Montag calls the authorities, and two men arrive with a machine to pump Mildred’s stomach. The technicians are very casual and cavalier as they handle Mildred's procedure, which Montag finds to be incredibly unsettling. When he asks why they didn't send doctors, they tell him there just aren't enough to keep up—they get nine or ten cases a night like this. Eventually Mildred seems rejuvenated, and she wakes the next morning with no memory of the night before.
In the coming days, Montag sees Clarisse around the neighborhood, and they begin to develop a friendship. She starts to leave him small gifts that show her appreciation of the natural environment around them—flowers, chestnuts, preserved leaves. One day, Montag tells her warmly that she makes him feel a bit like a father. As they grow closer, she reveals more of her observations about the world: that other people don't talk to each other about anything, that nobody likes to go outside, that other children are violent and scare her.

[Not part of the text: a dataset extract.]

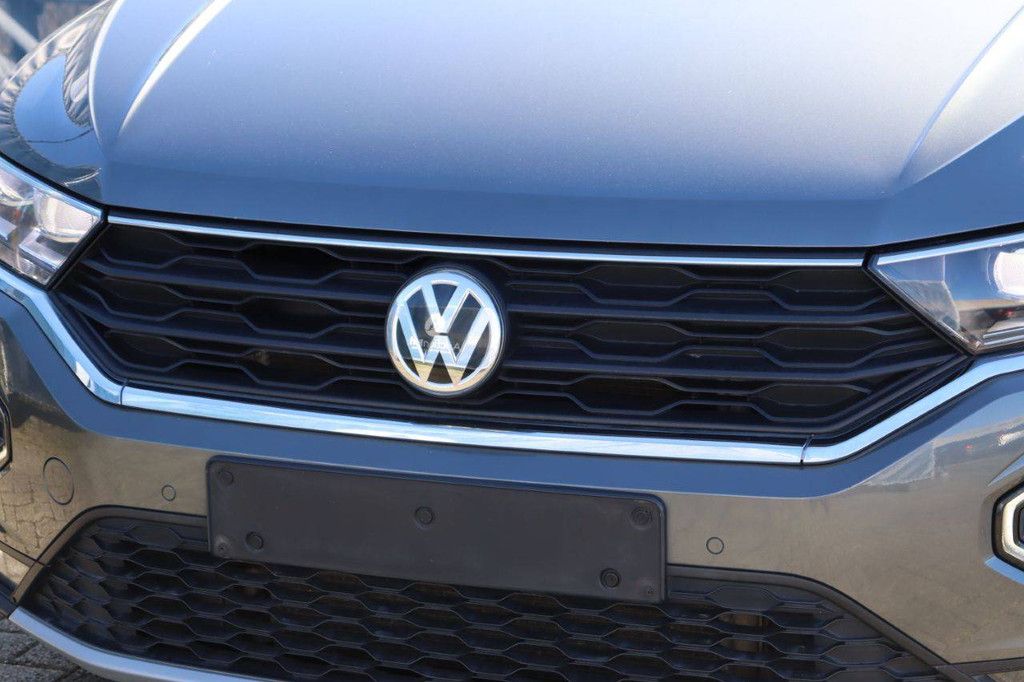 SUV Volkswagen T-Roc Petrol 150hp 2018 (Margin)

Around this time, the radio starts predicting that war is imminent. Montag has stopped seeing Clarisse around the neighborhood, but her influence on him is tangible—he's noticing things about the world that he never has before, and he is starting to wonder about why things work the way they do in society. As the firemen are called to an alarm one night, he finds the burning procedure to be more difficult than usual. He can't help his curiosity, and he steals a bible. The owner of the illicit collection, a stubborn old woman, refuses to leave the premises. As soon as the firemen douse the home in kerosene, she strikes the match herself.
Shaken by the woman's suicide and his theft, Montag returns home and begins acting strangely. He notices how wide the divide between him and Mildred has become and contemplates how little they know each other even after ten years of marriage. He asks her if she knows what happened to...
(The entire section is 1,289 words.)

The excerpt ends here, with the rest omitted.